Mahkemece yukarıda açıklanan hususlar dikkate alınmaksızın yazılı şekilde karar verilmiş olması doğru görülmemiştir. Ne var ki bu hususlar yeniden yargılamayı gerektirmediğinden temyiz edilen hükmün 1,2, 3 ve 5. fıkralarının HUMK"un 438/7 maddesi uyarınca düzeltilerek onanması uygun görülmüştür.

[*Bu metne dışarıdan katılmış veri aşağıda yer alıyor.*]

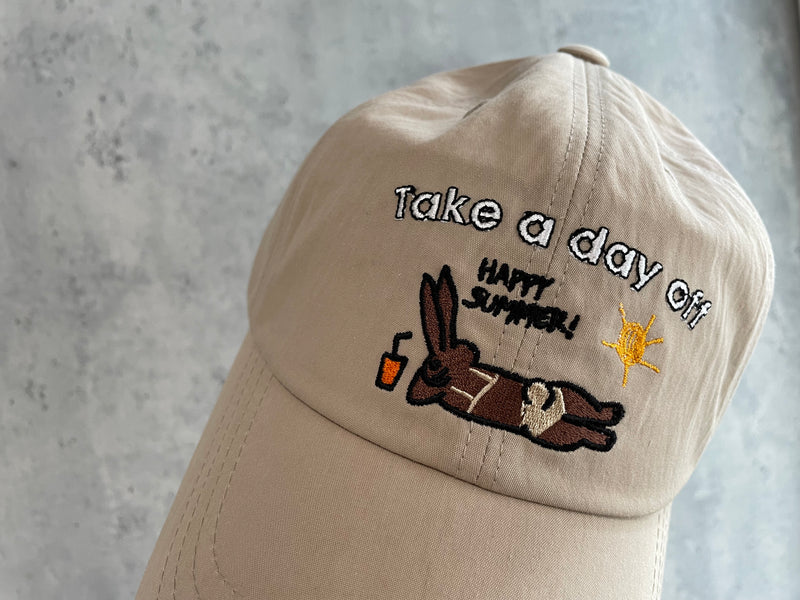 (百搭杏色) 假日小兔Cap帽, Cap/ HT8011 （pre-order)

SONUÇ: Yukarıda 2. ve 3.bentte açıklanan sebeplerle; hükmün 1.fıkrasındaki “ ... ve davacıya ait olduğunun ... ” ibarelerinin hüküm fıkrasından çıkarılmasına, hükmün 2.fıkrasındaki “ ... 9.070,38 ... ” rakamının hüküm fıkrasından çıkarılmasına, yerine “ ... 6.542,91 ...” rakamının yazılmasına, hükmün harç, yargılama gideri ve vekalet ücretine ilişkin 2,3 ve 5. fıkralarındaki “ ... müştereken ve müteselsilen ... ” ibarelerinin çıkarılmasına, yerine “ .... miras payları göz önünde bulundurularak .... ” ibarelerinin yazılmasına, Yerel Mahkeme hükmünün 6100 sayılı HMK"nın geçici 3. maddesi yollaması ile 1086 sayılı HUMK"un 438/7. fıkrası gereğince DÜZELTİLMİŞ BU ŞEKLİ İLE ONANMASINA, davalıların sair temyiz itirazlarının yukarıda 1.bentte açıklanan sebeplerle reddine, taraflarca HUMK"un 440/I maddesi gereğince Yargıtay Daire ilamının tebliğinden itibaren ilama karşı 15 gün içinde karar düzeltme isteğinde bulunulabileceğine, peşin harcın istek halinde temyiz edene iadesine, 27.02.2017 tarihinde oybirliğiyle karar verildi.